Retype the material that follows exactly, limited to the lines from the one with "Sterling Silver Dog" through the one with "Map displaying job location", and keep out all pictures.

● **Records provided**:

# # # # #

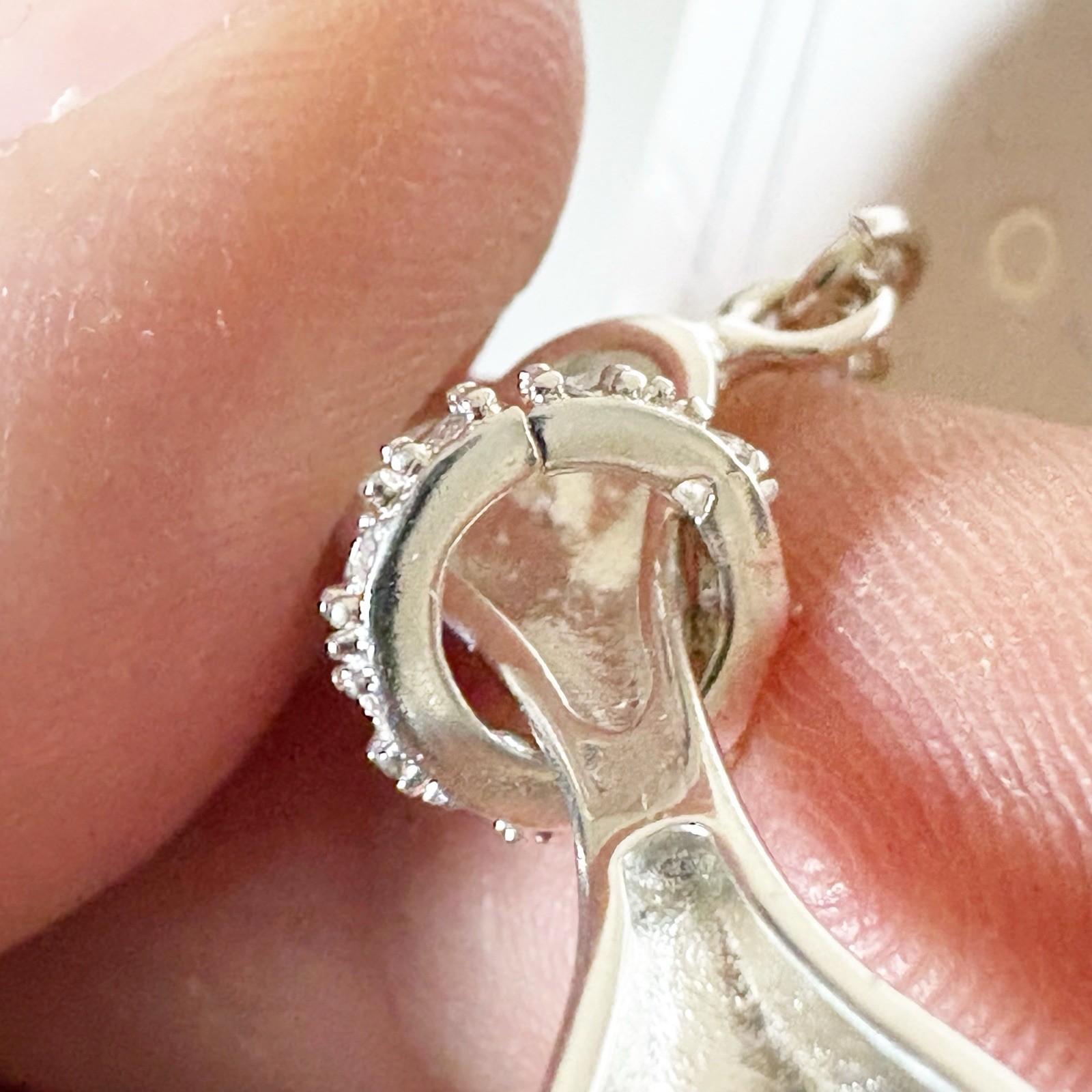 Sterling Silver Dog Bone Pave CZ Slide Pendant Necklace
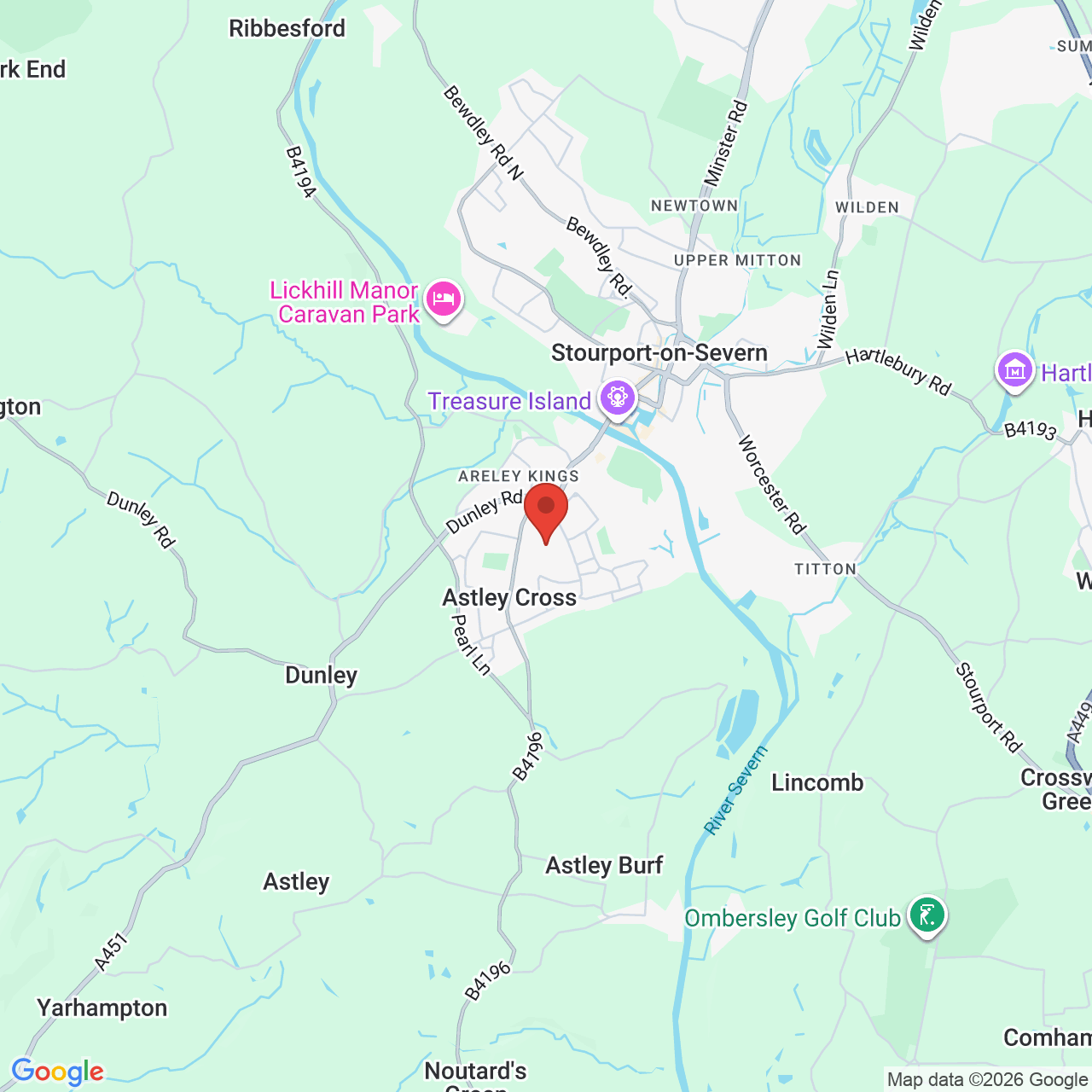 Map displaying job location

# # # # #

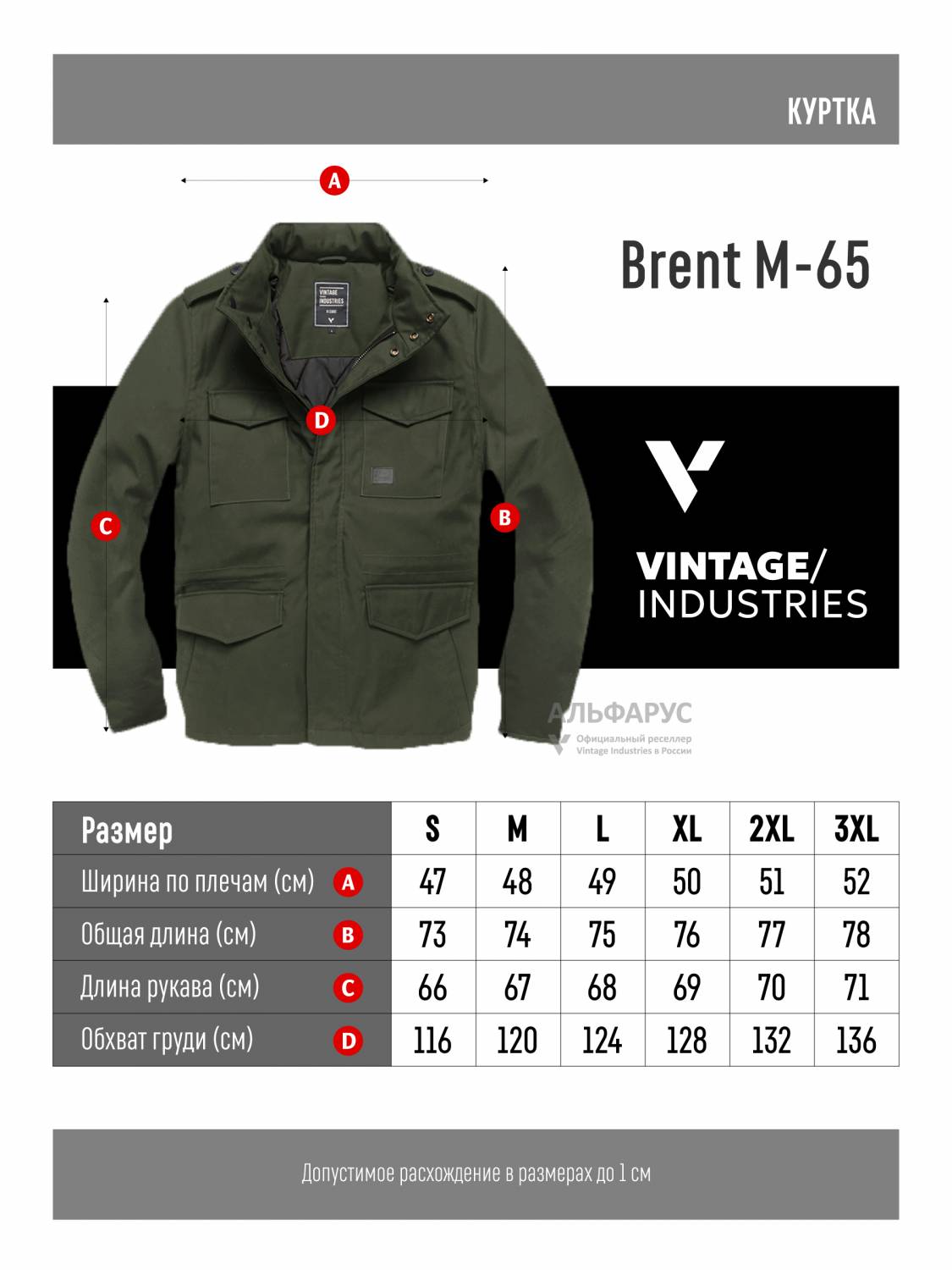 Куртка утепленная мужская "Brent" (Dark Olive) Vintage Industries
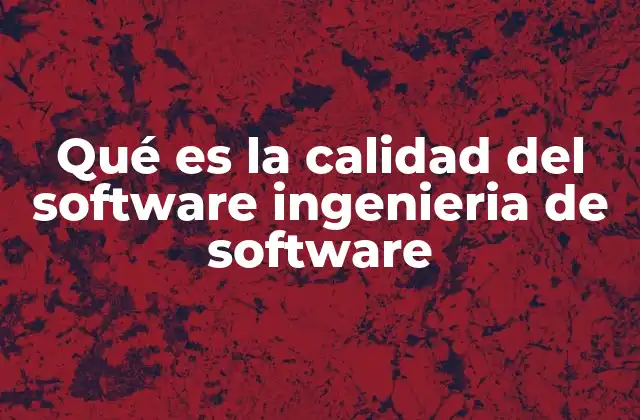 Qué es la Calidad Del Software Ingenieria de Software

# # # # #

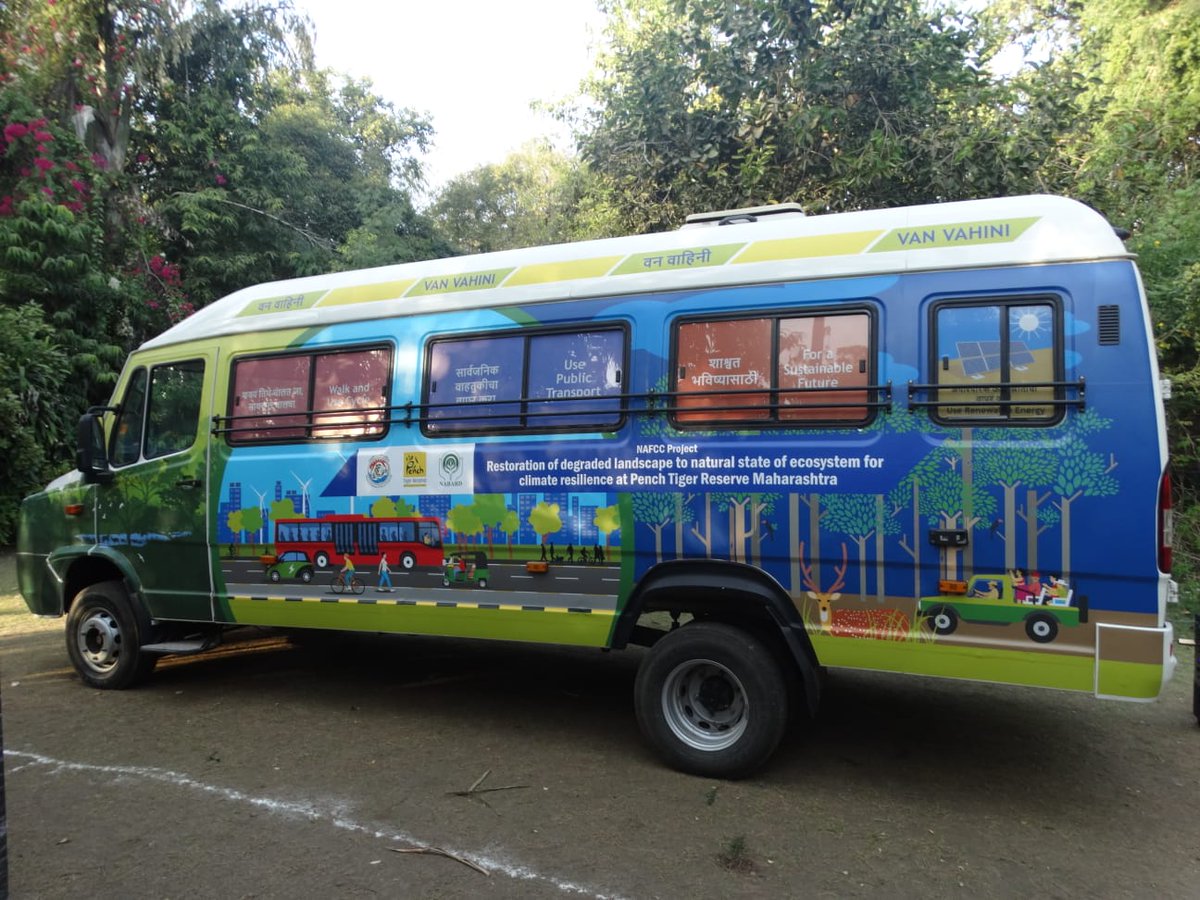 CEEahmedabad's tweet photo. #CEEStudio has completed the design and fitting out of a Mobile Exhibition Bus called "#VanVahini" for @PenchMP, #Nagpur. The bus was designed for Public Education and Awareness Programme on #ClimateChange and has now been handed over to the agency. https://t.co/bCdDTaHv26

# # # # #

● **Your solution**:
 Sterling Silver Dog Bone Pave CZ Slide Pendant Necklace
 Map displaying job location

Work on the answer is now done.